Quaternion Convention

Format: (w, x, y, z)
Order: Scalar-first (w is the real part)
# Example quaternion (identity rotation)
identity = torch.tensor([1.0, 0.0, 0.0, 0.0])

# Always normalize after operations
quat = quat / torch.norm(quat, dim=-1, keepdim=True)

Joint Hierarchy

Joint indices correspond to character model definition:
<!-- Example character.xml -->
<joint name="pelvis" idx="0" />
<joint name="torso" idx="1" parent="0" />
<joint name="head" idx="2" parent="1" />
<joint name="right_thigh" idx="3" parent="0" />
<joint name="right_shin" idx="4" parent="3" />
<!-- ... -->
Joint rotations are in local space (relative to parent).

Contact Labels

Binary labels per body:
contacts[frame_idx, body_idx] = 1.0  # Contact
contacts[frame_idx, body_idx] = 0.0  # No contact
Typically contact detected when body is within threshold of ground:
contact = body_height < contact_threshold  # e.g., 0.05 meters

Loop Modes

CLAMP

Motion plays once and holds final pose:
time = 0.0
while time <= motion_length:
    frame = get_frame_at_time(time)
    time += dt

# After motion_length, keep returning last frame
final_frame = get_frame_at_time(motion_length)

WRAP

Motion loops seamlessly:
time = 0.0
while True:
    # Wrap time to [0, motion_length]
    wrapped_time = time % motion_length
    frame = get_frame_at_time(wrapped_time)
    time += dt
Root position offset added per loop:
loop_count = floor(time / motion_length)
root_offset = loop_count * (final_root_pos - initial_root_pos)
root_offset[2] = 0  # No vertical offset

final_root_pos = base_root_pos + root_offset
Source: PARC/anim/motion_lib.py:440-457

Dataset YAML Format

Multiple motion files organized in YAML:
motions:
  - file: "data/walk/walk_001.ms"
    weight: 1.0
  
  - file: "data/walk/walk_002.ms"  
    weight: 1.0
  
  - file: "data/run/run_001.ms"
    weight: 2.0  # Sample twice as often
  
  - file: "data/climb/climb_001.ms"
    weight: 0.5  # Sample half as often
Weights control sampling probability during training.

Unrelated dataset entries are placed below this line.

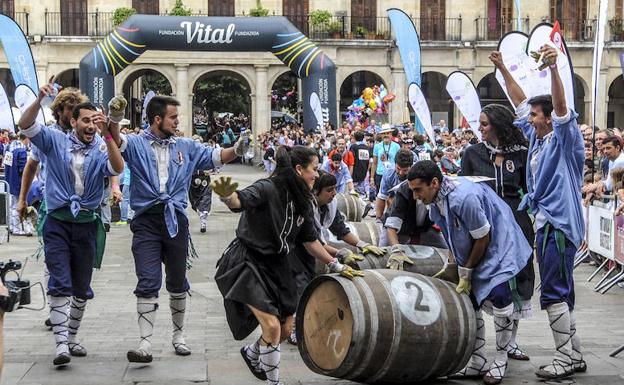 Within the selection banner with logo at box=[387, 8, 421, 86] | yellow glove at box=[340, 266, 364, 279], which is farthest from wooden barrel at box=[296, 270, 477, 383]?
banner with logo at box=[387, 8, 421, 86]

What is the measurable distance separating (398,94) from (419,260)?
3541 cm

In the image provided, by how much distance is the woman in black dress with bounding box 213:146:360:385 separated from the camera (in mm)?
6801

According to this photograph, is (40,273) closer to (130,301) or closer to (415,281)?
(130,301)

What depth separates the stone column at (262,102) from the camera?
140ft

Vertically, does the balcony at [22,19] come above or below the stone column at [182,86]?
above

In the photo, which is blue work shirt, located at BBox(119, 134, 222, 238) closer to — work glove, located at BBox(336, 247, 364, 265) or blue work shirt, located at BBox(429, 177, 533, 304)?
work glove, located at BBox(336, 247, 364, 265)

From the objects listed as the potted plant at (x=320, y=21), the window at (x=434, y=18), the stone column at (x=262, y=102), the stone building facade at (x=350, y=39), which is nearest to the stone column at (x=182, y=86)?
the stone building facade at (x=350, y=39)

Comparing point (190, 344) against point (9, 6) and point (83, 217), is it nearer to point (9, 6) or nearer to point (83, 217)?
point (83, 217)

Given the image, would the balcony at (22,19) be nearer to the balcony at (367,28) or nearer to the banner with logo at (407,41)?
the balcony at (367,28)

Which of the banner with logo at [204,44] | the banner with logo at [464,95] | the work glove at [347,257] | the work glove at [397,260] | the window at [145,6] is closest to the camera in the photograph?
the work glove at [347,257]

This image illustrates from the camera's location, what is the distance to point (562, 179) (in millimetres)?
7551

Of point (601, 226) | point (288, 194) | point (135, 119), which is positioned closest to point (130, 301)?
point (288, 194)

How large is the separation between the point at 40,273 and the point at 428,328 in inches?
306

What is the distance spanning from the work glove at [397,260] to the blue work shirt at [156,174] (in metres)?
1.50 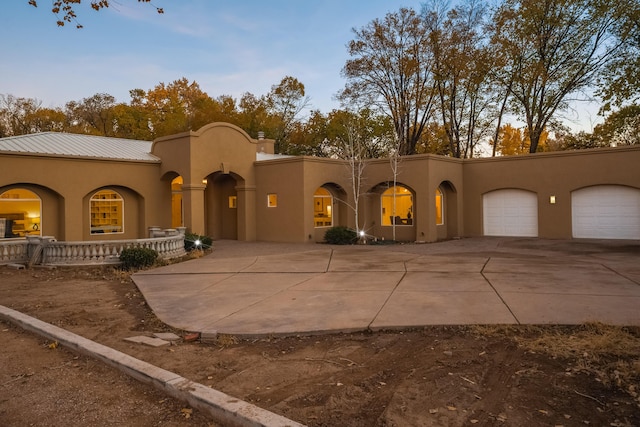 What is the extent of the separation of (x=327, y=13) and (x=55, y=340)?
16016 mm

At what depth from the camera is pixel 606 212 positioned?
18.3 meters

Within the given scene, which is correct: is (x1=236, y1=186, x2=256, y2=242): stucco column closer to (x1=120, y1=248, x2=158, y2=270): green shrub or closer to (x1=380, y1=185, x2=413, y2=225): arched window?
(x1=380, y1=185, x2=413, y2=225): arched window

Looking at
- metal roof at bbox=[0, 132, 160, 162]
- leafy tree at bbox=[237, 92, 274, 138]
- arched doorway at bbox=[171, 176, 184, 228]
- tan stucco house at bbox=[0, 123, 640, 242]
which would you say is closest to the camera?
metal roof at bbox=[0, 132, 160, 162]

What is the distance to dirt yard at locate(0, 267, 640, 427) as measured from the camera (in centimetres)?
380

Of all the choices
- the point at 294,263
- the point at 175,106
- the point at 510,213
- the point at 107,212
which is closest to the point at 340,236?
the point at 294,263

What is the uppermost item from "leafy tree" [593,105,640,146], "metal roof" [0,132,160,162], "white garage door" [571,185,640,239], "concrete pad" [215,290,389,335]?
"leafy tree" [593,105,640,146]

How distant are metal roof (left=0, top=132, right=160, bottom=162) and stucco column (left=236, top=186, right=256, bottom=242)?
3.99 m

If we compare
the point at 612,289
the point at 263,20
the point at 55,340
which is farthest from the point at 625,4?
the point at 55,340

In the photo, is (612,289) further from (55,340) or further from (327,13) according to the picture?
(327,13)

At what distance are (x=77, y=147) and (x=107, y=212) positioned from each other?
2.88m

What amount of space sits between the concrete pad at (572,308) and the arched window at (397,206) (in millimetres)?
12727

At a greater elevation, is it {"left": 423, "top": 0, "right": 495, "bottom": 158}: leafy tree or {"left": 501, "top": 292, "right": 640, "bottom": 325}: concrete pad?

Source: PARC/anim/motion_lib.py:403-423

Motion Frames Utility Class

from parc.util.motion_util import MotionFrames

# Create
frames = MotionFrames(
    root_pos=root_pos,
    root_rot=root_rot,  
    joint_rot=joint_rot,
    body_pos=body_pos,  # Optional (from FK)
    body_rot=body_rot,  # Optional (from FK)
    contacts=contacts    # Optional
)

# Check dimensions
frames.assert_num_dims(2)  # (num_frames, ...)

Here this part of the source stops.